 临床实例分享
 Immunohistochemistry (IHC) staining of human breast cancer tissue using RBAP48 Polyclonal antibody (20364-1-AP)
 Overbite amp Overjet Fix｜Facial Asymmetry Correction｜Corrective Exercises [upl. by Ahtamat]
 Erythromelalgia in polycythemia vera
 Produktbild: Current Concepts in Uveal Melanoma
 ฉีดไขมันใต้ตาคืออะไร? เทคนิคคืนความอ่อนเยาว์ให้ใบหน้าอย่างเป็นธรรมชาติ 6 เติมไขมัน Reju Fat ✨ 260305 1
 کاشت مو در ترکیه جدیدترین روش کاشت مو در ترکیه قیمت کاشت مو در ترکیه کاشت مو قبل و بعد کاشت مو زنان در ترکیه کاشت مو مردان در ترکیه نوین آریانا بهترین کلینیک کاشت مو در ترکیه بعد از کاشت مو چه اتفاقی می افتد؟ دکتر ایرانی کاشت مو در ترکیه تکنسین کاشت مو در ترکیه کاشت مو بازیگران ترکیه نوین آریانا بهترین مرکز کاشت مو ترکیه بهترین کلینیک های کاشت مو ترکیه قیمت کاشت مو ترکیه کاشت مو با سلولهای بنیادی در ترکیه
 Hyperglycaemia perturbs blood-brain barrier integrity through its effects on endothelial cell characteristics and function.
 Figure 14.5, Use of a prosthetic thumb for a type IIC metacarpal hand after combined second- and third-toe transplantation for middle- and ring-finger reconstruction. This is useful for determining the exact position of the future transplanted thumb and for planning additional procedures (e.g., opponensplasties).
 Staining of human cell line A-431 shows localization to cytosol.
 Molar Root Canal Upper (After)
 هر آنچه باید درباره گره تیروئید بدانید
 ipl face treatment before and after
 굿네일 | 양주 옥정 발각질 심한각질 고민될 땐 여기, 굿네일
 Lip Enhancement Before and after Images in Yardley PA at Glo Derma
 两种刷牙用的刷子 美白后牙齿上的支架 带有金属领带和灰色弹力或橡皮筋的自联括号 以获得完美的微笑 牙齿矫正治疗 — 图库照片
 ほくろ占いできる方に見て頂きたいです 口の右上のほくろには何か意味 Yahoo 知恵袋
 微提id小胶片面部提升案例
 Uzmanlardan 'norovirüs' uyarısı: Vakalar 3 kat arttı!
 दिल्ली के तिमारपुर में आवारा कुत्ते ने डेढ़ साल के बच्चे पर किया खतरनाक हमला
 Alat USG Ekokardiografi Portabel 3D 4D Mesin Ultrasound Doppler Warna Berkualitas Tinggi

──────────

### WORK REQUEST
All that is needed is the exact run of lines above from the line containing "Molar Root Canal Upper (After)" through the line containing "Lip Enhancement Before", both of them included.

### EXERCISE RESULT
 Molar Root Canal Upper (After)
 هر آنچه باید درباره گره تیروئید بدانید
 ipl face treatment before and after
 굿네일 | 양주 옥정 발각질 심한각질 고민될 땐 여기, 굿네일
 Lip Enhancement Before and after Images in Yardley PA at Glo Derma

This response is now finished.